Die Pasinger Villenkolonien verdanken sich zwar der englischen Gartenstadt-Bewegung, doch sind auch Unterschiede zu bemerken; denn das Bayern des späten 19. Jahrhunderts war nicht in gleicher Weise durch die Industrialisierung geprägt wie England. Zur Klientel gehörten hier eher begüterte Bürger.
In der Villenkolonie I wurde 1894 nach den Plänen des Architekten Ludwig Statzner eine Doppelhaushälfte auf dem großen Grundstück an der Floßmannstraße Nr. 37 Ecke Marsopstraße 4b als ein zweigeschossiger, historisierender Mansarden-Giebeldachbau errichtet. Auftraggeber war Wilhelm Floßmann, ein begüterter Münchner Kaufmann. Das prominente Gebäude besitzt einen geschwungenen Quergiebel und einen schönen Schmuckkamin mit dem halbrunden, in den Garten-Park hineinragenden und repräsentativ erhöhten Terrassen-Anbau. Sein Sohn Josef Floßmann (1862–1914) beauftragte später den renommierten Architekten Theodor Fischer (1862–1938), die zweite, kleinere und benachbarte Villenhälfte in der Marsopstraße 4a zu erbauen.
Der Bildhauer Josef Floßmann studierte von 1881 bis 1884 an der Münchner Kunstgewerbeschule bei Anton Hess und von 1884 bis 1889 an der Kunstakademie bei Syrius Eberle (1844–1903). Beeinflusst von den kunsttheoretischen Schriften Adolf von Hildebrands (1847–1921) folgte er dessen Tendenz zu bereinigten Formen, geklärten Silhouetten und einer stärkeren Anbindung der Skulptur an die Architektur. Als Bau-Plastiker machte er sich durch die Zusammenarbeit mit den Architekten Theodor Fischer, Friedrich von Thiersch (1852–1921), Gabriel von Seidl (1848–1913), Carl Hocheder (1854–1917), Paul Ludwig Troost (1878–1934) und Josef Lang (1878–1927) einen Namen. 1893 erhielt er auf der Großen Berliner Kunstausstellung eine Goldmedaille. Floßmann war Gründungs- und Jurymitglied der Münchner Secession und stellte regelmäßig auf den Ausstellungen der Künstlervereinigung aus. 1897 wählte man ihn in die Kommission zur Pflege und Führung der Kunst durch den Staat. Aufgrund seiner herausragenden kunst- und kulturpolitischen Verdienste verlieh man Floßmann 1901 den Titel eines königlichen Professors. 1903 war er nach der Gründungsversammlung des Deutschen Künstlerbunds in Weimar einer ihrer Vorstandsmitglieder. Bis zu seinem Tod 1914 lehrte er an der Münchner Kunstgewerbeschule als Professor für Bildhauerei.
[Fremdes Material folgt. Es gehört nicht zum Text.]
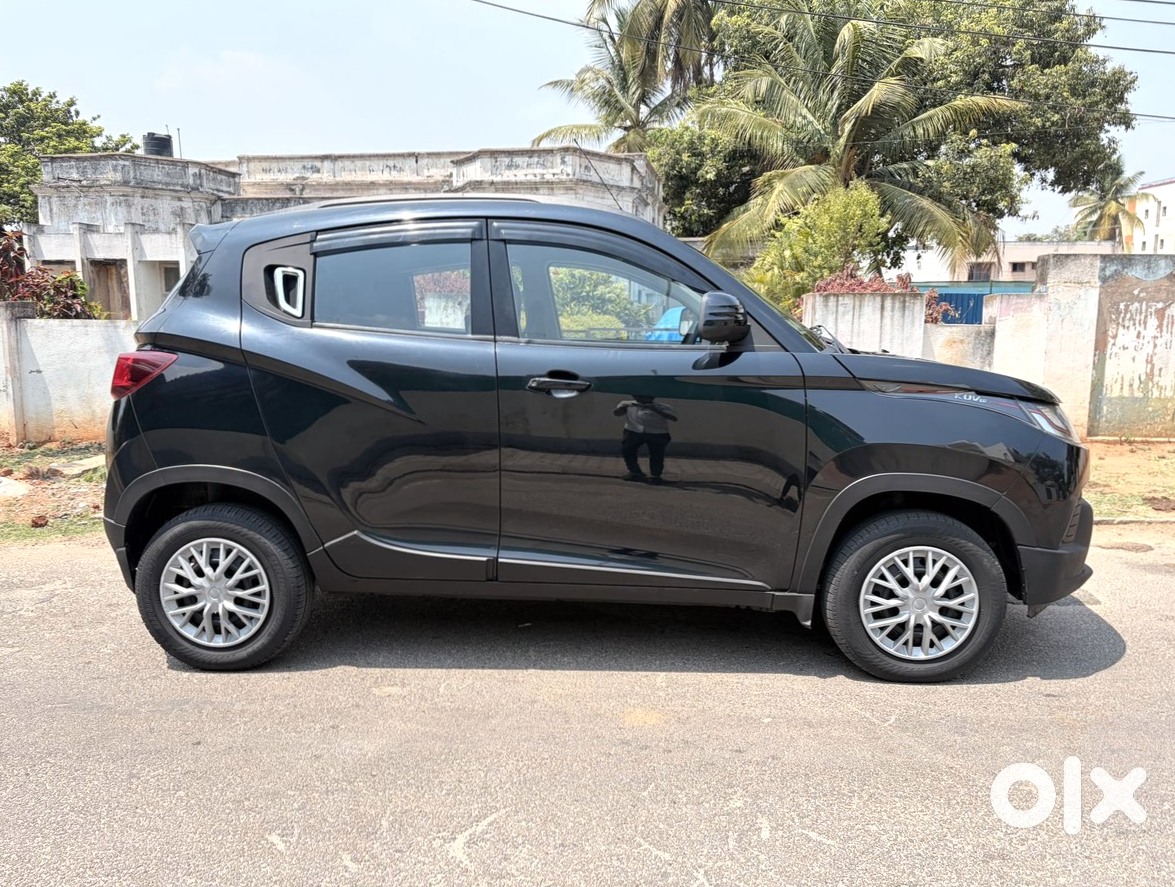 Urgent - Kuv100 Quick Sale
Beide Villen waren – wie die Villa Riemerschmid – Künstlerhäuser. Die Floßmann-Villen in der Marsopstraße 4 a/b wurden von 1905 bis 1909 als Atelier- und Wohnhaus erbaut. Später lebten und arbeiteten dort Hans Osel (Bildhauer), Herbert Peters (Bildhauer), Rolf Nida-Rümelin (Bildhauer), Josef Erber (Bildhauer), Josef Hauzenberger (Maler), Karl Meisenbach (Maler), Wolfgang Znamenacek (Bühnenbildner), Ernst Buchner (Kunsthistoriker), Oskar Maria Graf (Schriftsteller), Rudolf Pfister (Kunsthistoriker), Hans Christian Blech (Schauspieler), Ruth Drexel (Schauspielerin), Erni Wilhelmi (Schauspieler) und Peter Vogel (Schauspieler). Ab 1931 bewohnte der Maler Edgar Ende eines der Ateliers. Sein Sohn, der Schriftsteller Michael Ende, wurde dort zu seinen späteren Fantasiegeschichten inspiriert.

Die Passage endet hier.